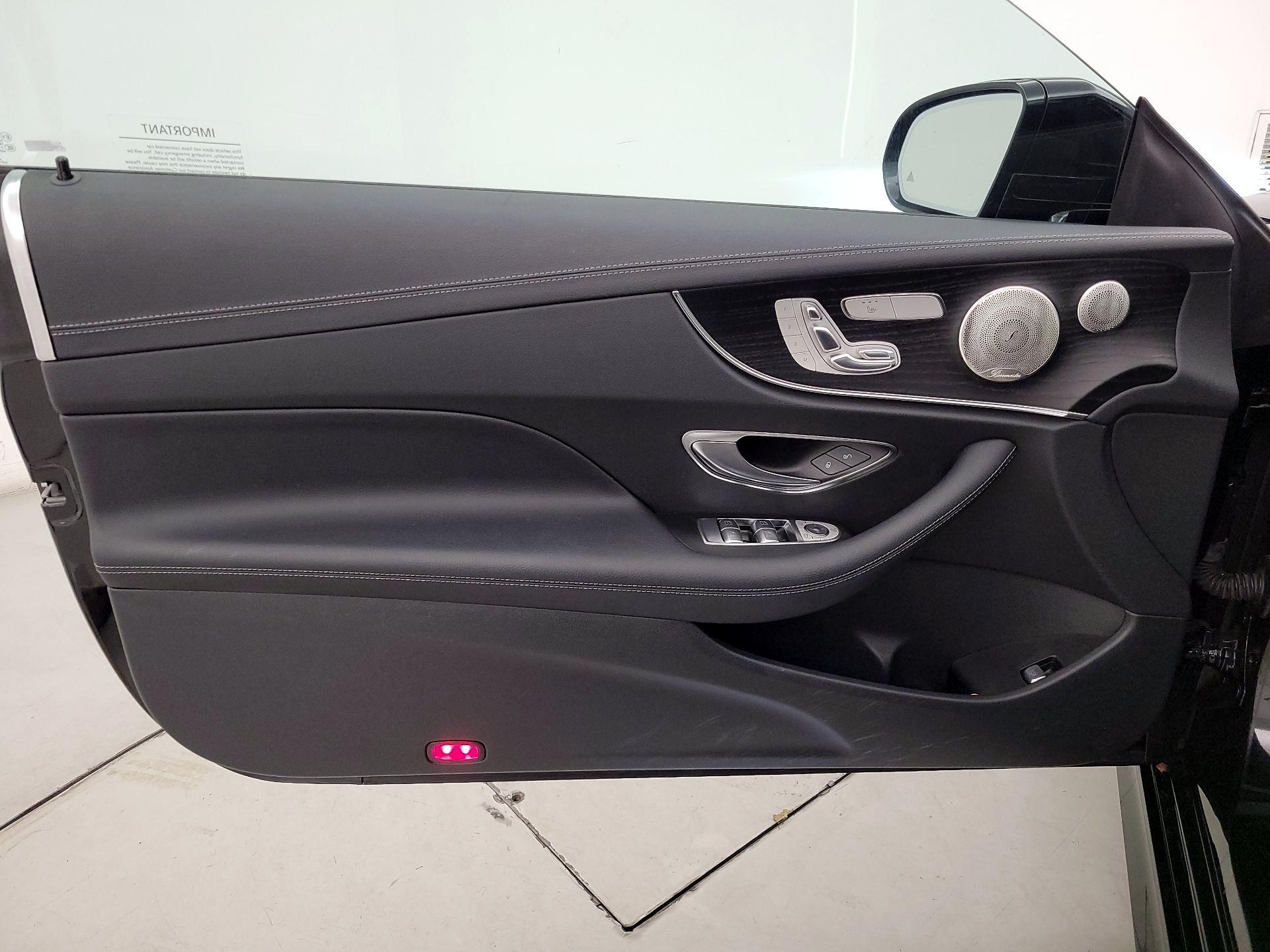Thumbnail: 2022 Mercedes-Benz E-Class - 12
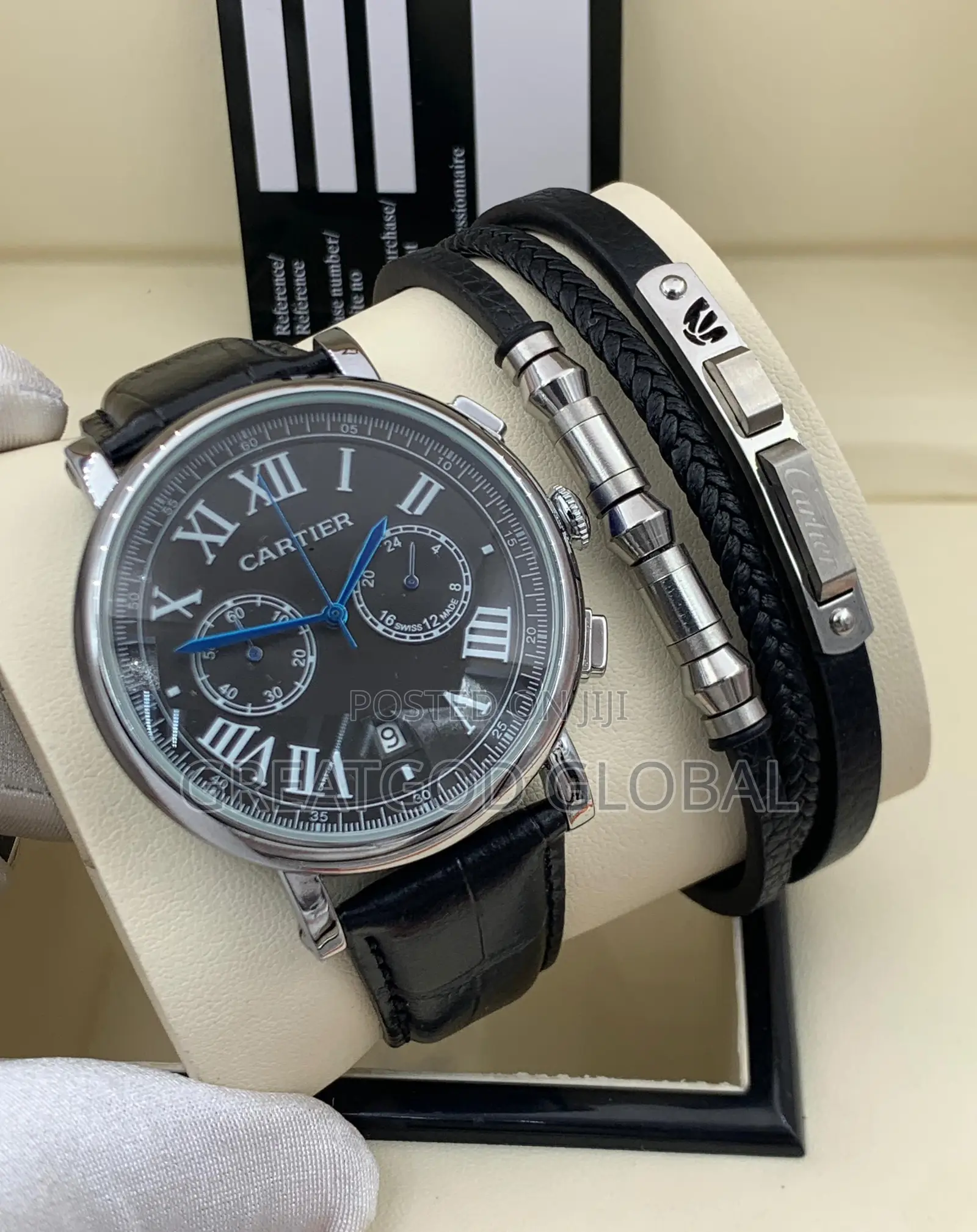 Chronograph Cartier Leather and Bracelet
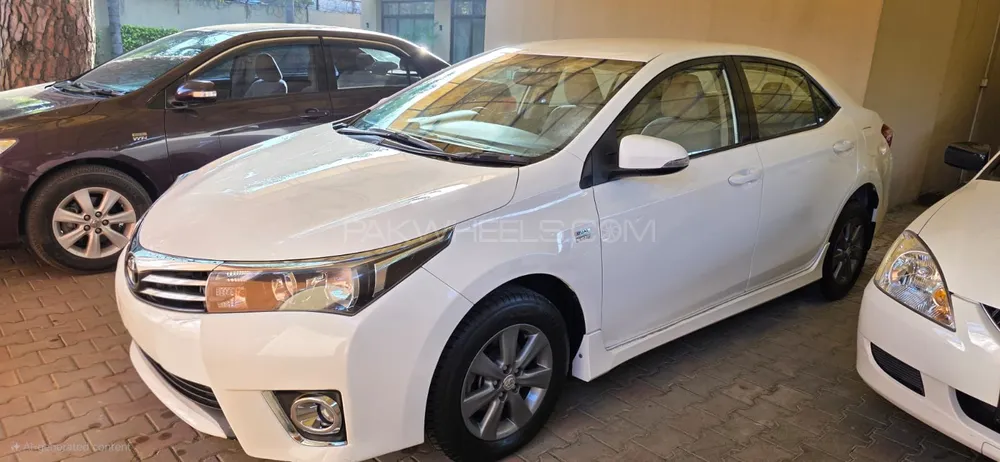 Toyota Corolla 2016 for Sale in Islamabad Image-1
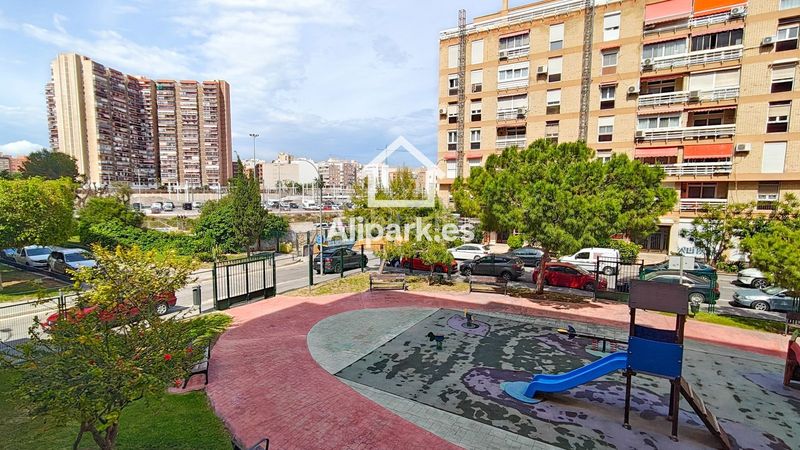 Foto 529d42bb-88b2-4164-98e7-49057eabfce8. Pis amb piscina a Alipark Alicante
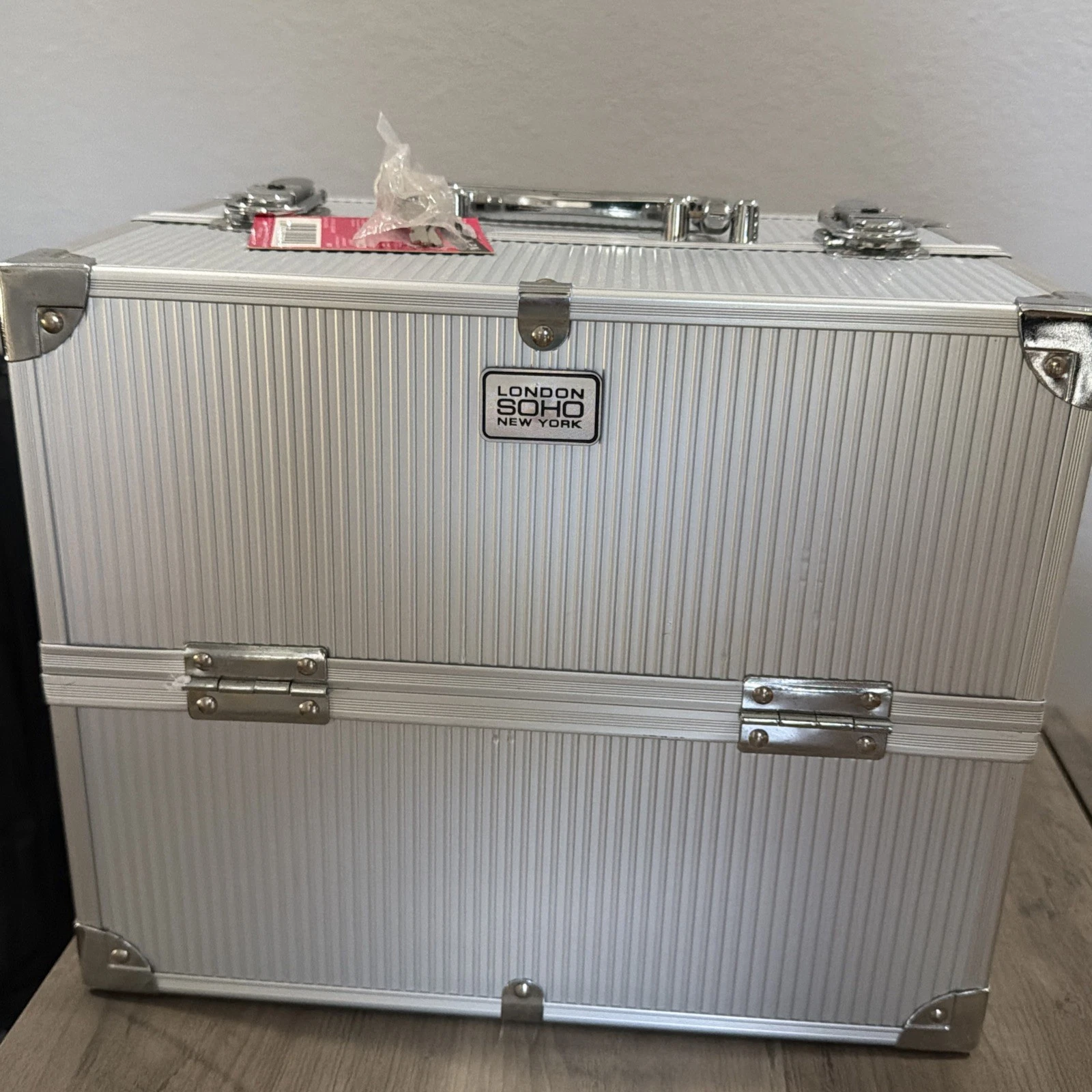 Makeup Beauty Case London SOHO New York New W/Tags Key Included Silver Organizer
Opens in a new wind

▬▬▬▬▬▬

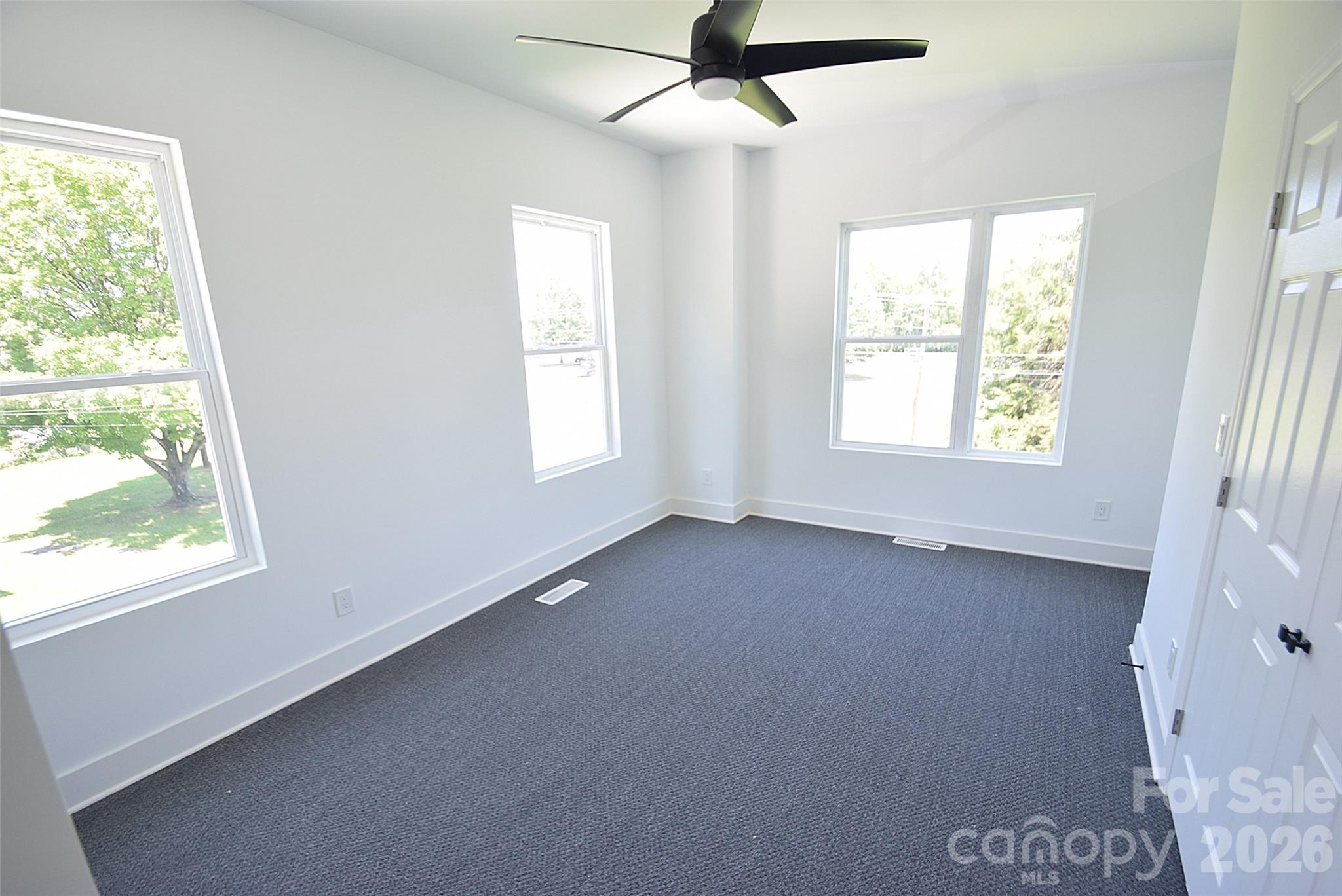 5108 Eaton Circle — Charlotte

▬▬▬▬▬▬

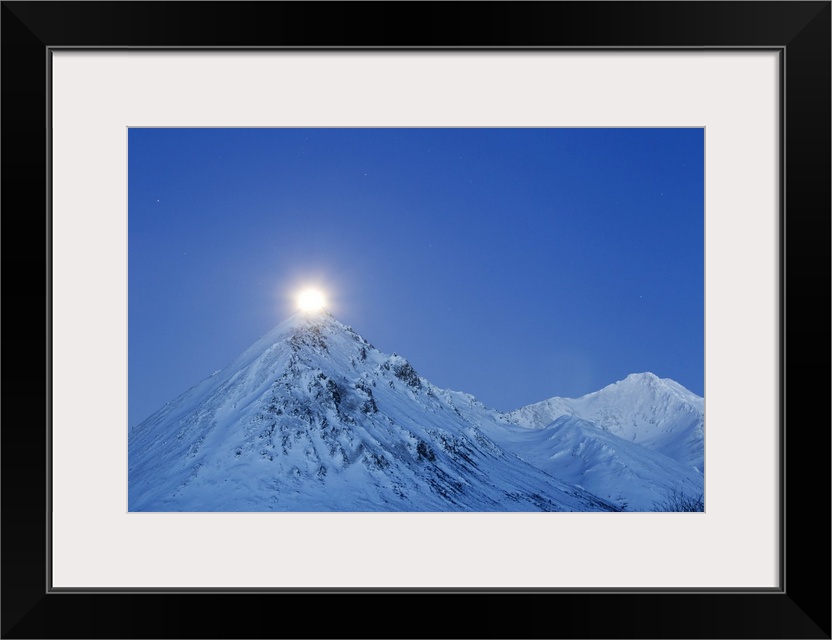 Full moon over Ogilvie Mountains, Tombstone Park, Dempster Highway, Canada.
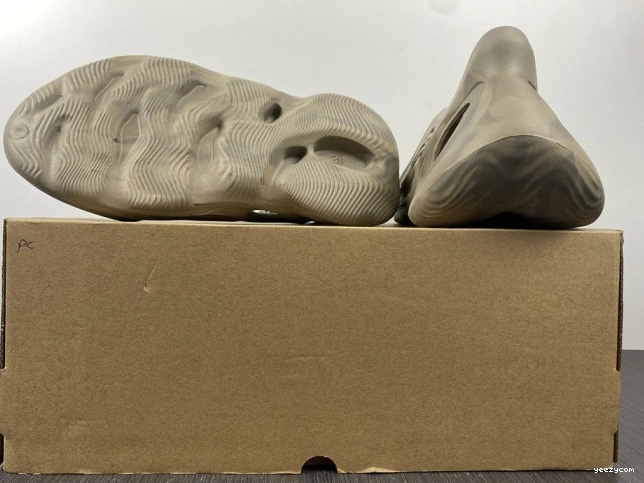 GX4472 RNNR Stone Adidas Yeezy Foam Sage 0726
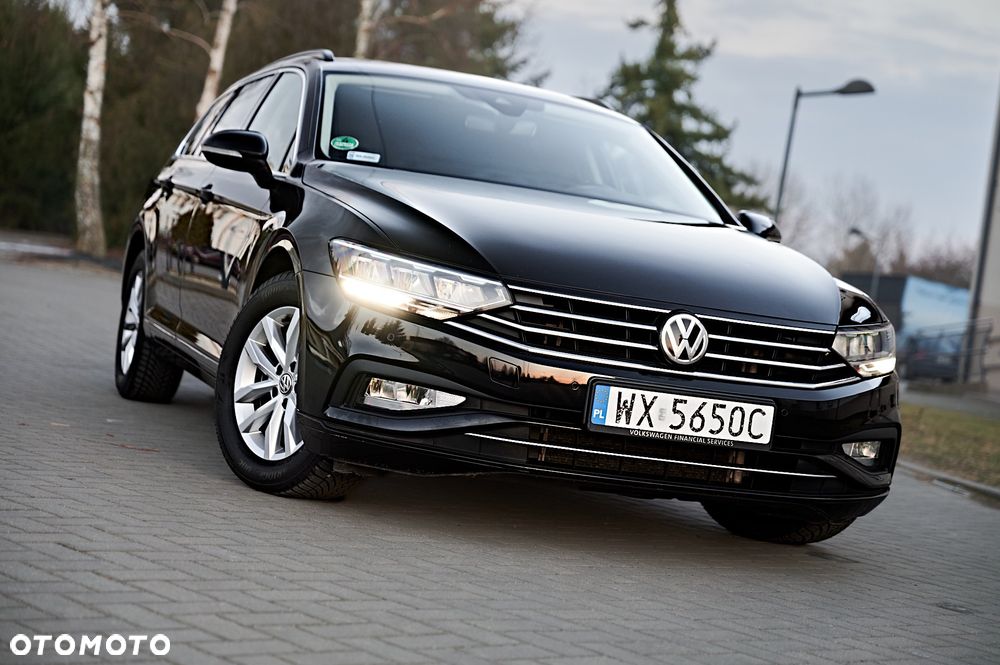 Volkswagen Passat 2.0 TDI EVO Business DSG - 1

▬▬▬▬▬▬

◆ **Task goal**
Give again the stretch of lines above from the one with "Full moon over" through the one with "Volkswagen Passat 2.0", both ends kept, and copy no pictures.

◆ **Written solution**
 Full moon over Ogilvie Mountains, Tombstone Park, Dempster Highway, Canada.
 GX4472 RNNR Stone Adidas Yeezy Foam Sage 0726
 Volkswagen Passat 2.0 TDI EVO Business DSG - 1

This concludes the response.